Monday, August 30, 2010

Review: Girl Parts

Girl Parts
John M. Cusick
2010; Candlewick; ISBN 978-0-7636-4930-2

Summary: David and Charlie might be in the same class, but that's where their similarities end. David is the son of a rich computer mogul and the most popular guy in school; Charlie's dad is a professor and Charlie's called a freak. They're drawn together by Rose, who is no ordinary girl. She's actually a Companion, a robot bought by David's parents in order to treat David's dissociative disorder. Rose is designed to teach David how to take his time and relate to a girl--because if he goes faster than Rose's Intimacy Clock permits, she gives him an electric shock. When David realizes that there's a limit to how far he can go with Rose, he dumps her. Found by Charlie, Rose struggles with her heartbreak and discovers why she's not like any other Companion. But will her uniqueness save her, or make her too valuable to the corporation that created her?

A lighthearted yet sensitive take on the girl robot concept, Girl Parts is an enjoyable page-turner. Capturing the teen boy mindset from two different extremes, Cusick also manages to let Rose be more than a Stepford girl. Instead, she's a quirky, sweet girl who just happens to be a robot. Set in the near future yet inspired by today's concerns about Internet-obsessed and emotionally disconnected teens, Girl Parts is perfect for sci-fi fans who want something lighter than Cory Doctorow's Little Brother.

Friday, August 27, 2010

Review: Smile

Raina Telgemeier
2010; Scholastic; ISBN 978-0-545-13205-3 (hardcover)

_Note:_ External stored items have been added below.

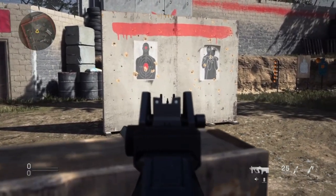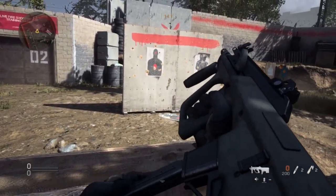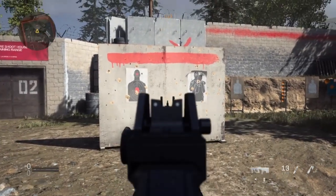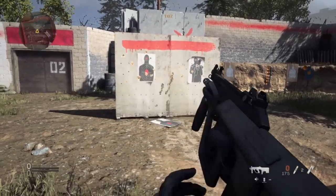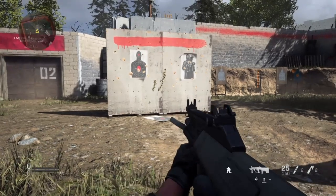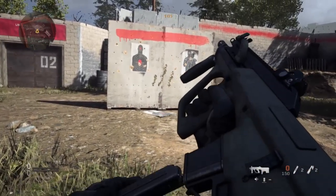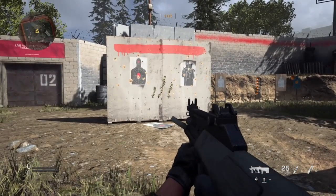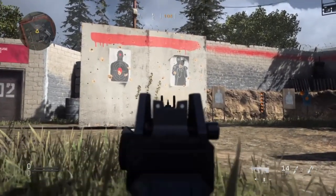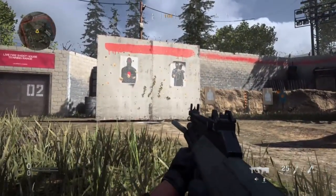So we start with the AUG in the mounted position. This was the best testing area I could find where you had all four stances and could properly utilize them. I realize it's slightly at an angle, but broadly that shouldn't impact the results. So you've got your three positions: mounted, then standing, then crouched, and then finally prone. And if you can see prone on this gun, it's just a laser — it's just not going anywhere.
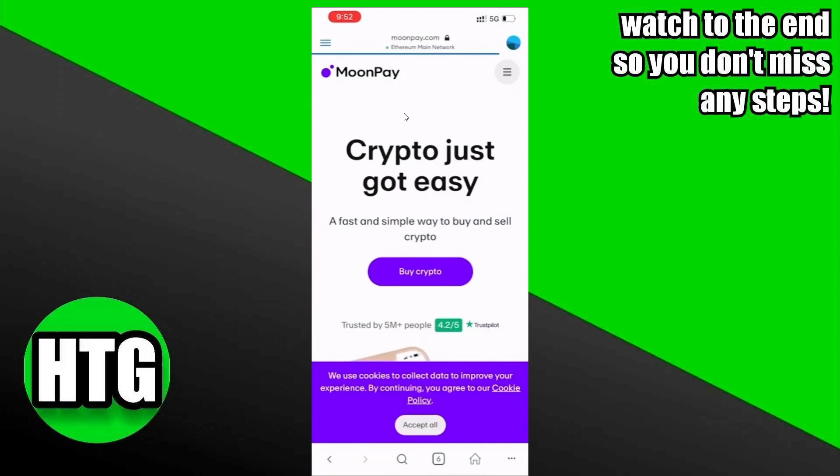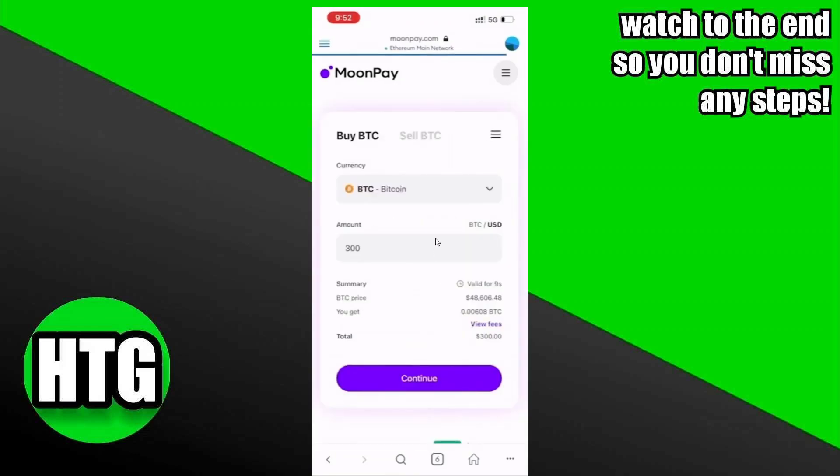After searching for MoonPay, you will see this page. Here you have to tap on Buy Crypto. After tapping on Buy Crypto, you will see this page, and now on this page you can select whatever you want to buy. Select Bitcoin, and down there you have to write the amount.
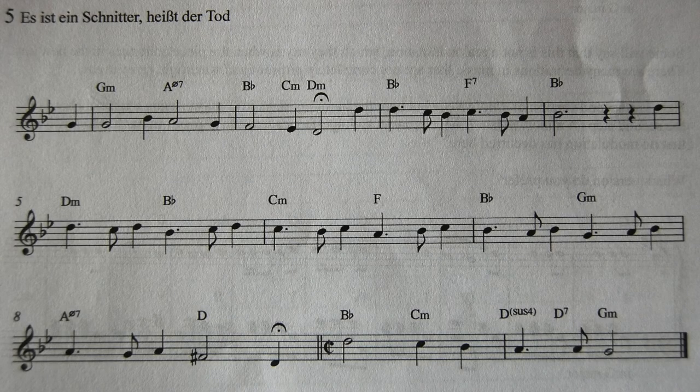Now the next song is a very tragic song: 'Es ist ein Schnitter heißt der Tod' — 'There is a reaper called Death.'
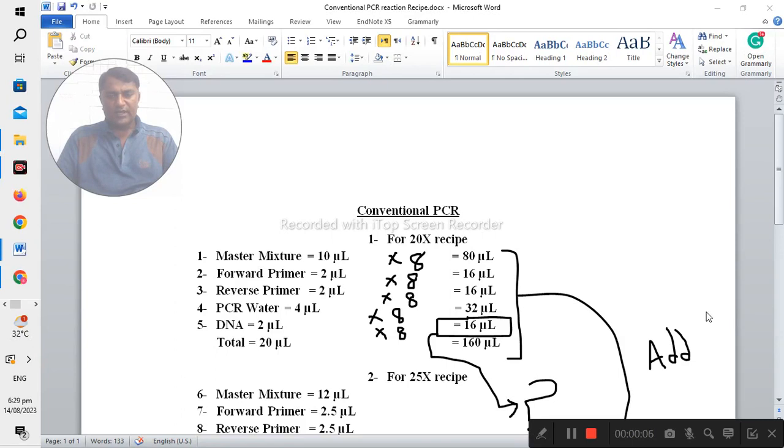Today I would like to share knowledge about the recipe used for performing conventional PCR. There are two methods used for preparing the recipe for conventional PCR. The first is the 20x recipe and the other is the 25x recipe. First of all, I would like to tell about the 20x recipe.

Summary: Raina is running to her front porch when the sixth-grader falls and knocks out her two front teeth. This accident starts several years of dental drama for Raina, including braces two separate times, headgear, a retainer with two fake teeth, and more. It's a lot of pain and discomfort, made worse by the friends who tease her all the time. Raina struggles to deal with being true to herself without losing her friends. By the time she reaches high school, something's got to give. When Raina finally has normal teeth again, she decides to make a fresh start.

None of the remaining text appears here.